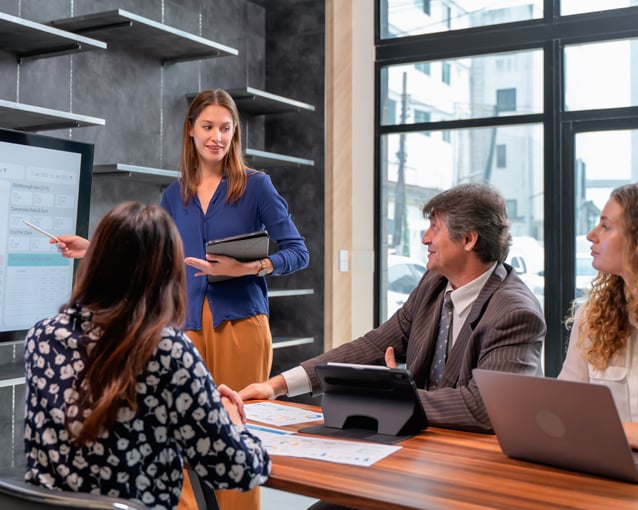 woman presenting to coworkers in a meeting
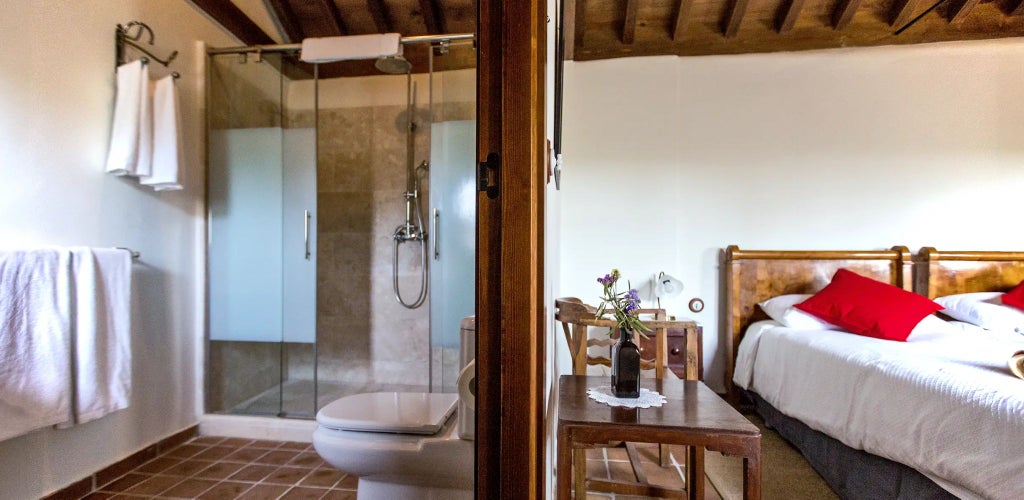 Elegant Spanish rural suite with rustic stone walls, antique wooden furniture, plush white bedding, and soft natural lighting in Cortijo del Marqués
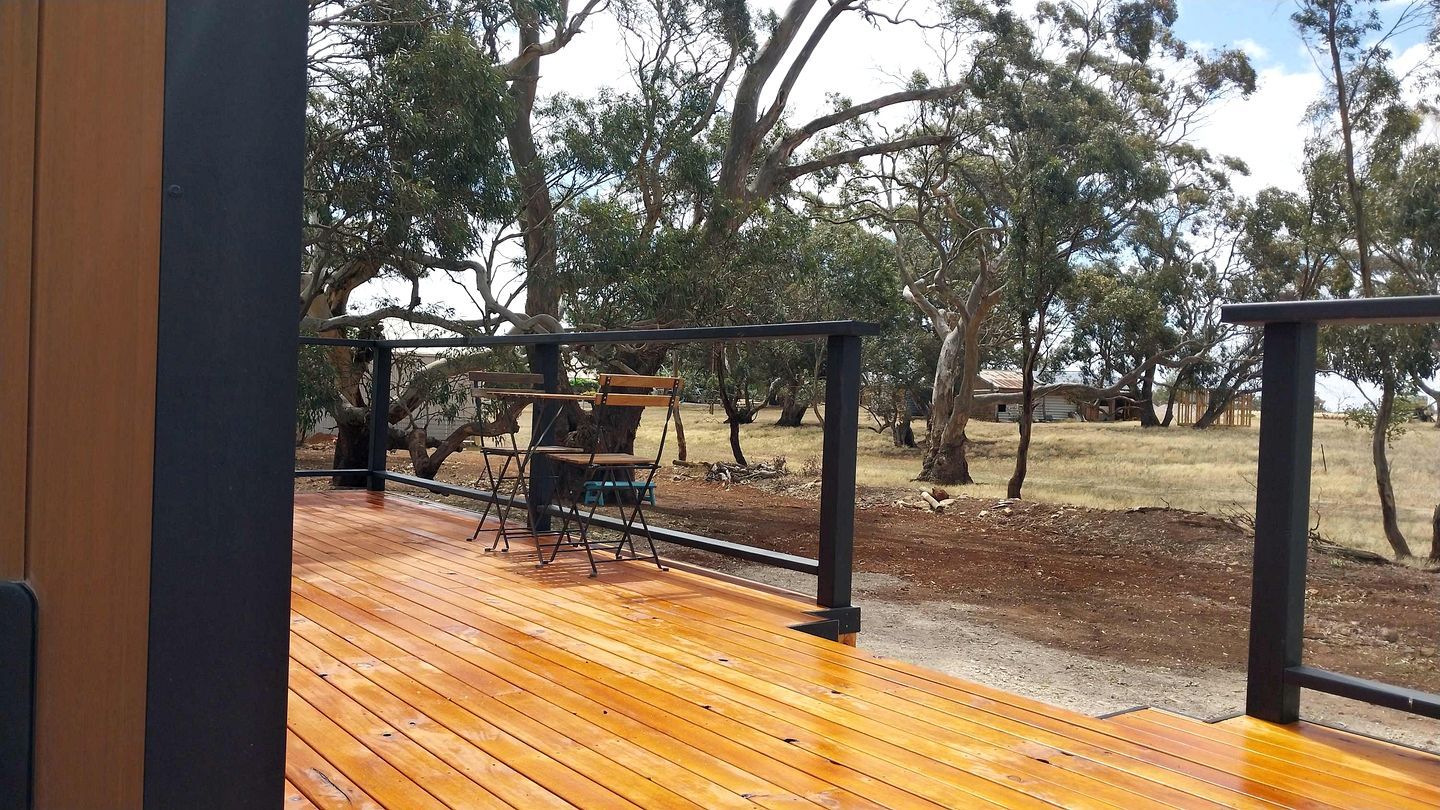 A wooden deck with a metal railing, a folding chair, and a bench.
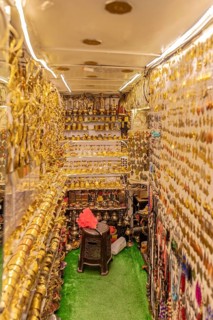Tight shop full of shiny golden decorations and traditional goods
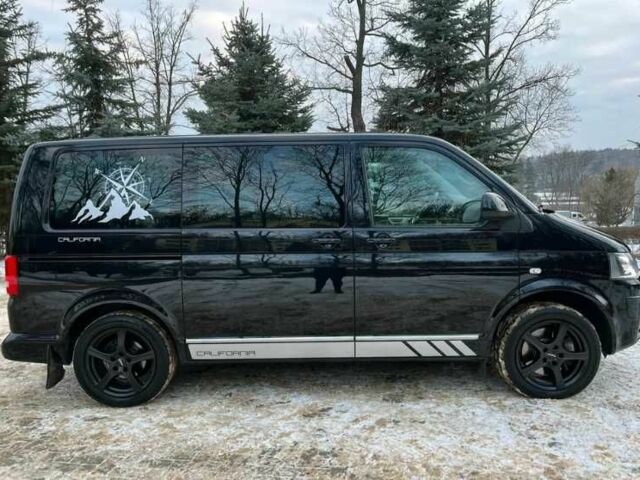 Черный Фольксваген Мультиван, объемом двигателя 2 л и пробегом 118 тыс. км за 22800 $, фото 2 на Automoto.ua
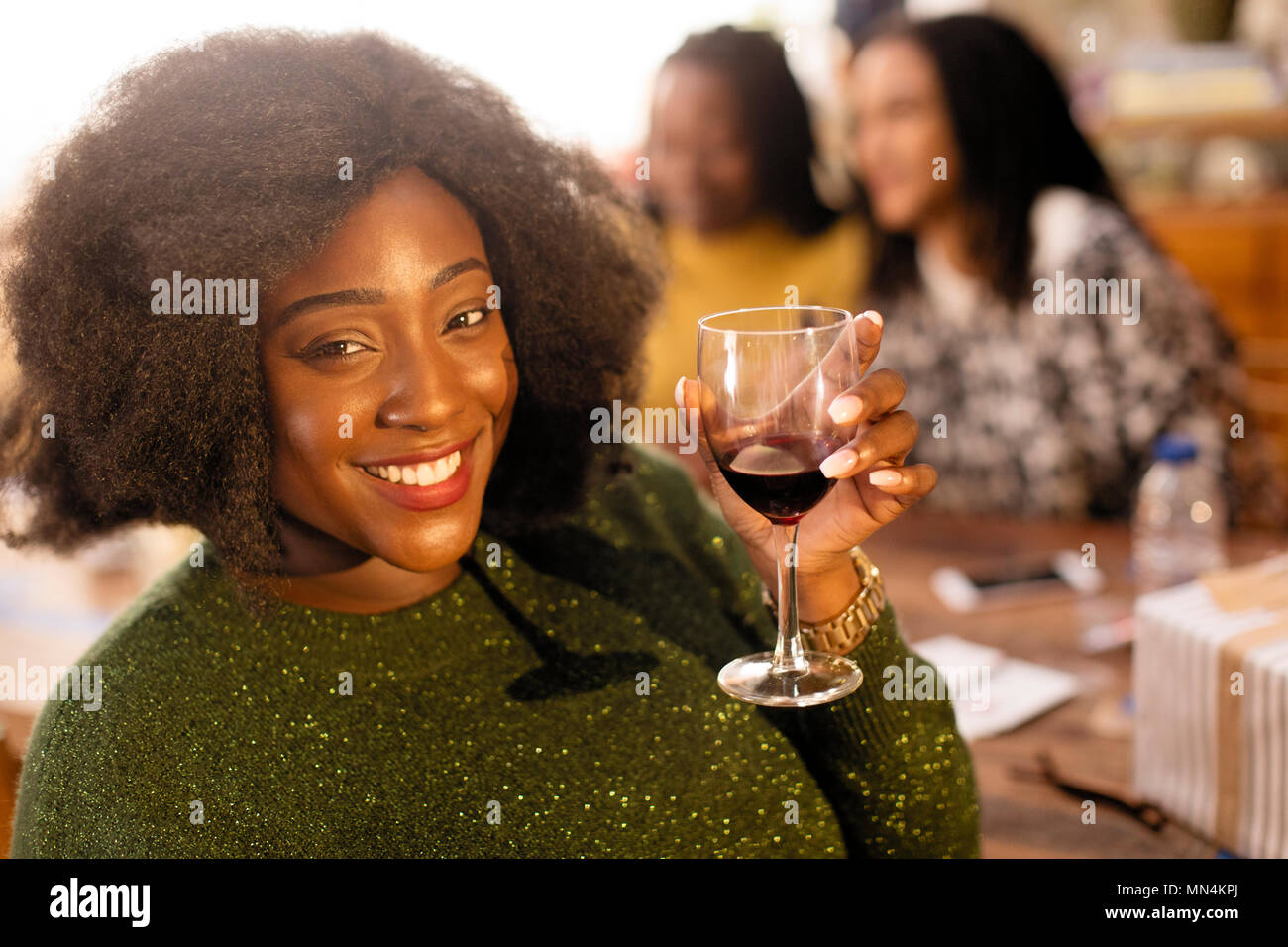 Porträt Lächeln, selbstbewusste junge Frau trinkt Rotwein Stockfoto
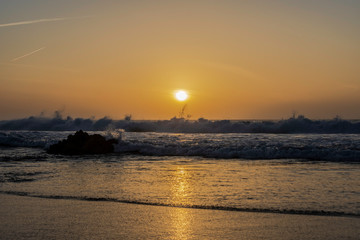 olas con viento en atardecer con sol y cielo dorado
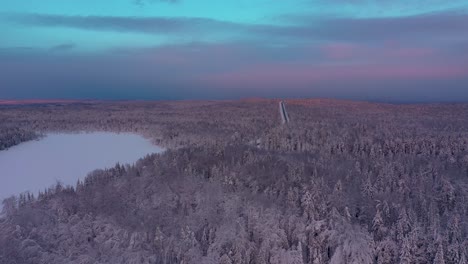 Aerial-shot-flying-forwards-down-towards-a-snowy-forest-and-lake-with-pink-sunrise-skies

--------------------------------

▶ _Task requirements_: Please copy exactly the lines from the one containing "Elegant Spanish rural" through the last line of the records, both ends included, and leave out any pictures.

▶ _Result_:
 Elegant Spanish rural suite with rustic stone walls, antique wooden furniture, plush white bedding, and soft natural lighting in Cortijo del Marqués
 A wooden deck with a metal railing, a folding chair, and a bench.
Tight shop full of shiny golden decorations and traditional goods
 Черный Фольксваген Мультиван, объемом двигателя 2 л и пробегом 118 тыс. км за 22800 $, фото 2 на Automoto.ua
 Porträt Lächeln, selbstbewusste junge Frau trinkt Rotwein Stockfoto
 olas con viento en atardecer con sol y cielo dorado
 Aerial-shot-flying-forwards-down-towards-a-snowy-forest-and-lake-with-pink-sunrise-skies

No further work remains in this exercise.